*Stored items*
——

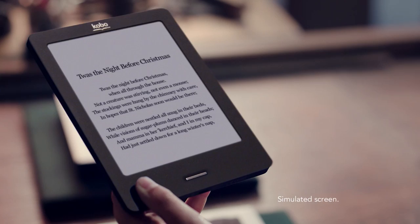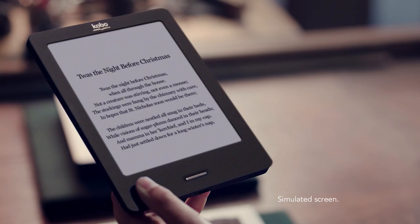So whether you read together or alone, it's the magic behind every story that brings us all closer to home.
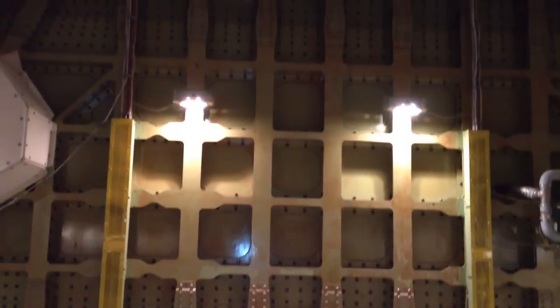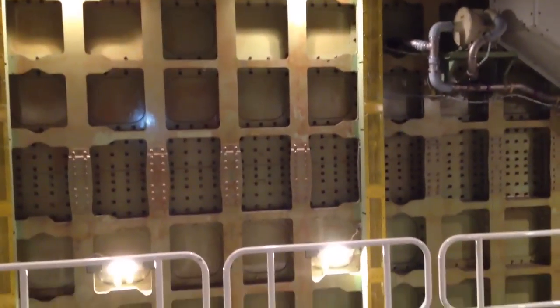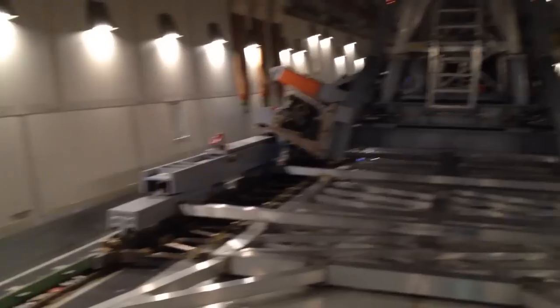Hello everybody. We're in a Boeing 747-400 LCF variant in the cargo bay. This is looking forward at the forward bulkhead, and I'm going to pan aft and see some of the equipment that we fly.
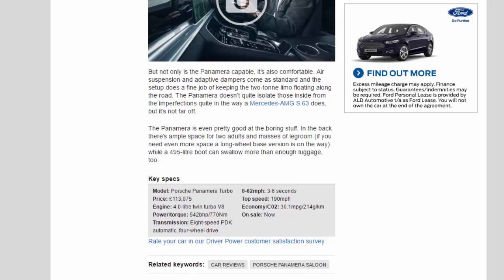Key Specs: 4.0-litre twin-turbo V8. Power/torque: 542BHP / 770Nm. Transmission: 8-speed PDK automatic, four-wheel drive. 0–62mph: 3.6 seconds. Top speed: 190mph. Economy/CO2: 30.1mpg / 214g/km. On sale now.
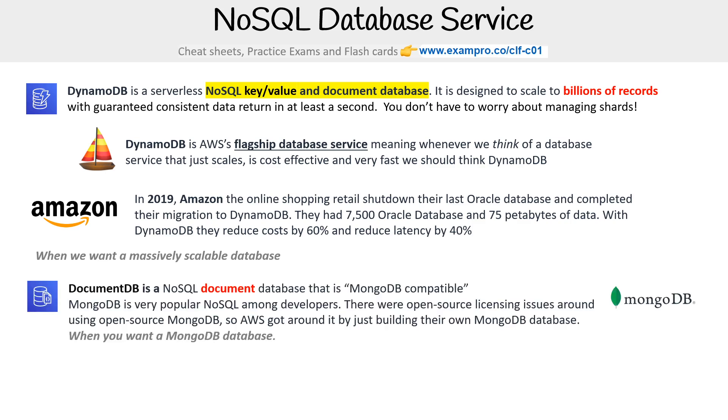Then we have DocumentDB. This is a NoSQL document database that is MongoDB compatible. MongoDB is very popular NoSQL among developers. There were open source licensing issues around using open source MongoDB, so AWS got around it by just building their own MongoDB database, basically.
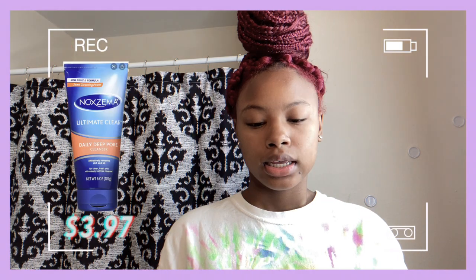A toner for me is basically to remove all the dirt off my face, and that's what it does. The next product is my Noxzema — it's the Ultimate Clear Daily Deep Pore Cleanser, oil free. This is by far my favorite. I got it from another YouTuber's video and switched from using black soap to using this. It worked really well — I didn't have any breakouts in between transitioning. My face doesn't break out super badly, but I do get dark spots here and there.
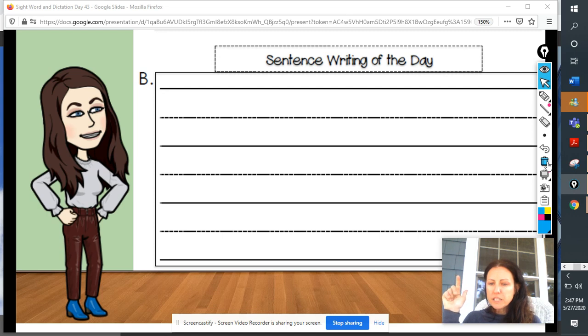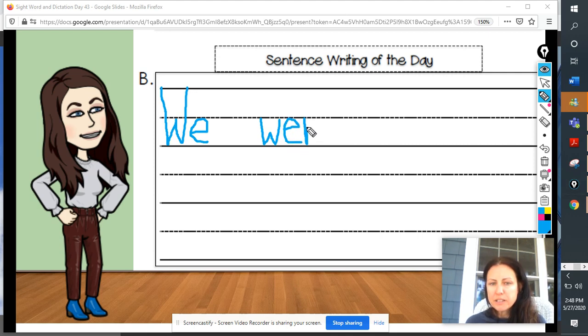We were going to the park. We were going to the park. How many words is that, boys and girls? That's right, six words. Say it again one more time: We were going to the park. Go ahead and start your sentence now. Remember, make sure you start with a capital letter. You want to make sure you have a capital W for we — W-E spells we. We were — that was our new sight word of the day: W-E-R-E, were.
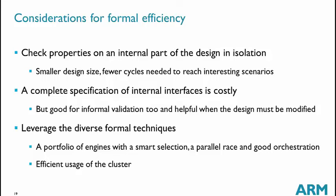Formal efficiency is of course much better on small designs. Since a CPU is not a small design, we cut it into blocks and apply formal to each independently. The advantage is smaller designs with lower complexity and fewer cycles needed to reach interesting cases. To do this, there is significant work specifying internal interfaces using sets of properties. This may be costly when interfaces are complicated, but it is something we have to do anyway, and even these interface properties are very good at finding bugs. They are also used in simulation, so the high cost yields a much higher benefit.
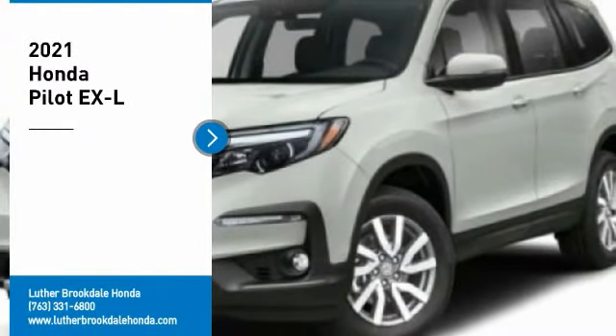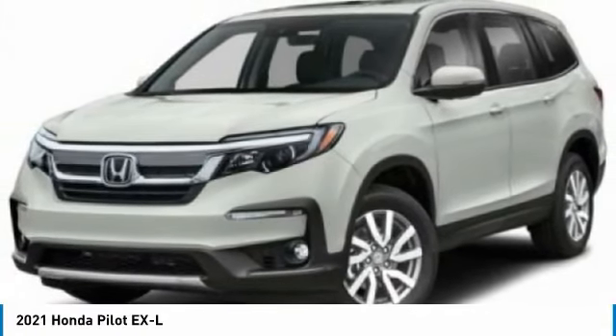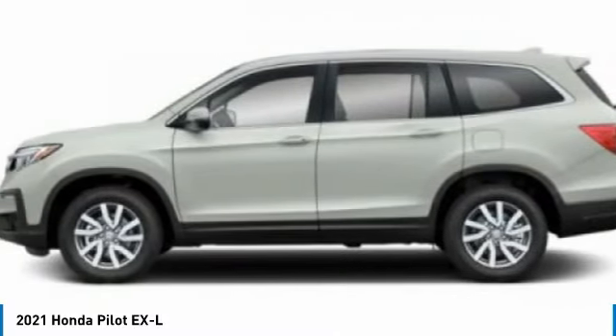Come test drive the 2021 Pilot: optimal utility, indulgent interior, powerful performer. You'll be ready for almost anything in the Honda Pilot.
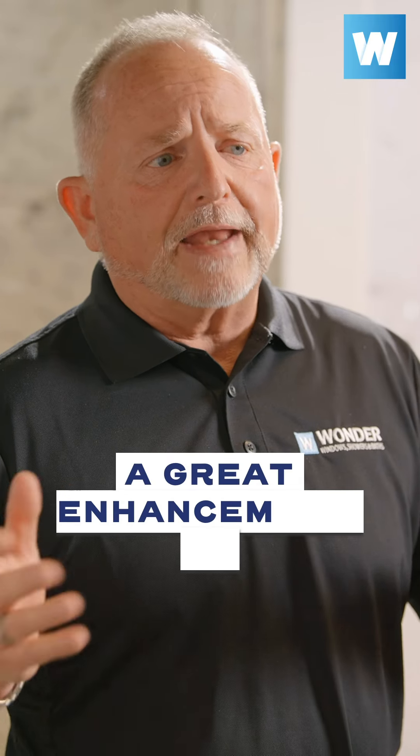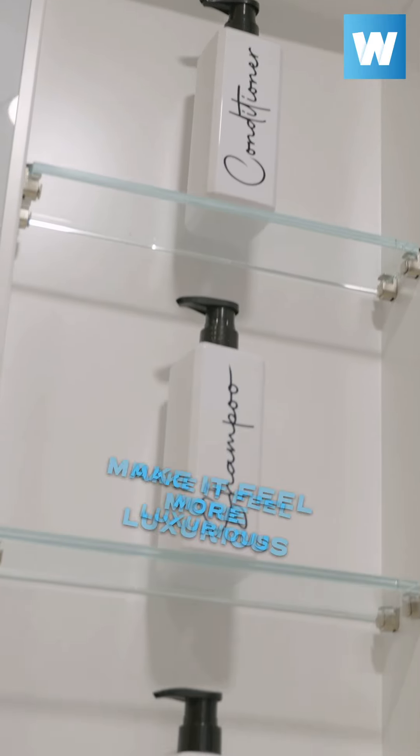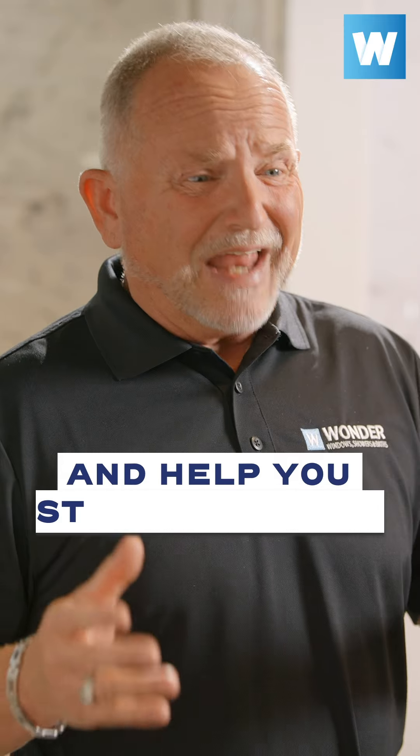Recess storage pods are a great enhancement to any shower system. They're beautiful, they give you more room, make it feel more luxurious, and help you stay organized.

——

*TASK REQUIREMENTS*
Reproduce every record above exactly, omitting the pictures.

*SOLVED PROBLEM*
So whether you read together or alone, it's the magic behind every story that brings us all closer to home.
Hello everybody. We're in a Boeing 747-400 LCF variant in the cargo bay. This is looking forward at the forward bulkhead, and I'm going to pan aft and see some of the equipment that we fly.
Key Specs: 4.0-litre twin-turbo V8. Power/torque: 542BHP / 770Nm. Transmission: 8-speed PDK automatic, four-wheel drive. 0–62mph: 3.6 seconds. Top speed: 190mph. Economy/CO2: 30.1mpg / 214g/km. On sale now.
Then we have DocumentDB. This is a NoSQL document database that is MongoDB compatible. MongoDB is very popular NoSQL among developers. There were open source licensing issues around using open source MongoDB, so AWS got around it by just building their own MongoDB database, basically.
A toner for me is basically to remove all the dirt off my face, and that's what it does. The next product is my Noxzema — it's the Ultimate Clear Daily Deep Pore Cleanser, oil free. This is by far my favorite. I got it from another YouTuber's video and switched from using black soap to using this. It worked really well — I didn't have any breakouts in between transitioning. My face doesn't break out super badly, but I do get dark spots here and there.
We were going to the park. We were going to the park. How many words is that, boys and girls? That's right, six words. Say it again one more time: We were going to the park. Go ahead and start your sentence now. Remember, make sure you start with a capital letter. You want to make sure you have a capital W for we — W-E spells we. We were — that was our new sight word of the day: W-E-R-E, were.
Formal efficiency is of course much better on small designs. Since a CPU is not a small design, we cut it into blocks and apply formal to each independently. The advantage is smaller designs with lower complexity and fewer cycles needed to reach interesting cases. To do this, there is significant work specifying internal interfaces using sets of properties. This may be costly when interfaces are complicated, but it is something we have to do anyway, and even these interface properties are very good at finding bugs. They are also used in simulation, so the high cost yields a much higher benefit.
Come test drive the 2021 Pilot: optimal utility, indulgent interior, powerful performer. You'll be ready for almost anything in the Honda Pilot.
Recess storage pods are a great enhancement to any shower system. They're beautiful, they give you more room, make it feel more luxurious, and help you stay organized.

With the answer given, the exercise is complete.